It’s your money
Bites clears up misconceptions on the Kings arena, cookie-cutter sprawl and power-grabbing candidates
Convinced that Sacramento will likely make good on its promise of a big public subsidy, the NBA board of governors has agreed to let Sacramento keep the Kings.
This is probably a good time to clear up any misconception out there that Bites is somehow opposed a new Kings arena in Sacramento.
Not at all. In fact, Bites is basically agnostic about the idea of building a downtown arena with public money. It’s your $250 million (plus), Sacramento. Spend it as you see fit.
After all, it would be an endlessly fascinating project for people interested in urban design and politics. It won’t create new jobs, except for saving the jobs of a few sportswriters. But really, is it likely to screw up downtown any more than 50 years of redevelopment and $1 billion of public money have already done?

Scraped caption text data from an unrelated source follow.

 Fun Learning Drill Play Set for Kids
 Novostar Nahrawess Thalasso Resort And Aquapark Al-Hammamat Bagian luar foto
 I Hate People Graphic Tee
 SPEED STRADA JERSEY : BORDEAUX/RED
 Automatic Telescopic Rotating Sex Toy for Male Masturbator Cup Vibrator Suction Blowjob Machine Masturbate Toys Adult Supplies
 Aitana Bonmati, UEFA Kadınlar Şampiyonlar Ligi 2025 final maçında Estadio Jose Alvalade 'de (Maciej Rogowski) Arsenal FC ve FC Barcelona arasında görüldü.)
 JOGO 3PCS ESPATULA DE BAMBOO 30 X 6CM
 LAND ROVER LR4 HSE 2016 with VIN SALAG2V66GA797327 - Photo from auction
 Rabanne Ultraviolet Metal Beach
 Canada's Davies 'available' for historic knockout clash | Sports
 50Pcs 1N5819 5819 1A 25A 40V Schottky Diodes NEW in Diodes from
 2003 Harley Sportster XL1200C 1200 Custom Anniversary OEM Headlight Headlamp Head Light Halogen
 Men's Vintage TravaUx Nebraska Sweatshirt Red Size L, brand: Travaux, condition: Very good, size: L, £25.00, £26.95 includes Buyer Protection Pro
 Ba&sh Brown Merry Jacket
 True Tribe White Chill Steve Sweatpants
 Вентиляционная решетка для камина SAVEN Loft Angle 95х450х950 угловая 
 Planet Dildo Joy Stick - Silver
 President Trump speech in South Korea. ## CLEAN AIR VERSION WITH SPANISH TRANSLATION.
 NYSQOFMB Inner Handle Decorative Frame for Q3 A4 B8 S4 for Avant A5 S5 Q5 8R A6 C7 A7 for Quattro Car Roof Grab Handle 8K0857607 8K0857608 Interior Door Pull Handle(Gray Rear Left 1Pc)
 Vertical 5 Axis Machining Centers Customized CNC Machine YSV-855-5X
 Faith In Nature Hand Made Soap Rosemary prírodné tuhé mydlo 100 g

Speaking of the magic that $1 billion can do, the “whales” have dangled the promise they will invest half that much in rehabbing the area around the new arena site—a sort of L.A. Live lite. It’s OK, Sacramento, that your big ideas are always reheated versions of whatever was cool somewhere else 10 years ago. But you might want to get that in writing.
The arena plan, however, is a fairly radical departure from the deal City Hall has had with citizens for the last 28 years that pro-basketball has been in town. The deal has always been no direct taxpayer subsidies, no tax money spent to build arenas.
This latest plan proposes something very different: It takes tax money away from the general fund and spends it on building an arena. Given this major shift away from the old policy of not directly subsidizing the profits of billionaires, it’s appropriate for Sacramento voters to weigh in.
If Sacramento city voters decide they agree with this change of direction, that they believe the promised benefits of the project will outweigh the costs, and they are willing to approve a referendum on the arena plan, then Bites says go for it. It’s your money.
By the way, the half-a-billion thing was not meant to imply that developers somehow won’t do what they say they are going to do. Developers never do what they say they are going to do, that’s a given. The problem is when they get local government to break its promises, too.
Take the big Delta Shores development project in south Sacramento. It’s one of the last big chunks of developable land in the city—an opportunity to learn from past mistakes and put smart-growth principles in action.
But Region Builders—a developer lobbying group and major campaign donor—has got some Sacramento City Council members ready to throw out restrictions on big-box stores in the city. Seems they want to ensure Delta Shores turns into the same cookie-cutter sprawl you can find anywhere else. Call it Natomas South or Elk Grove North. It’s likely got the votes to do it.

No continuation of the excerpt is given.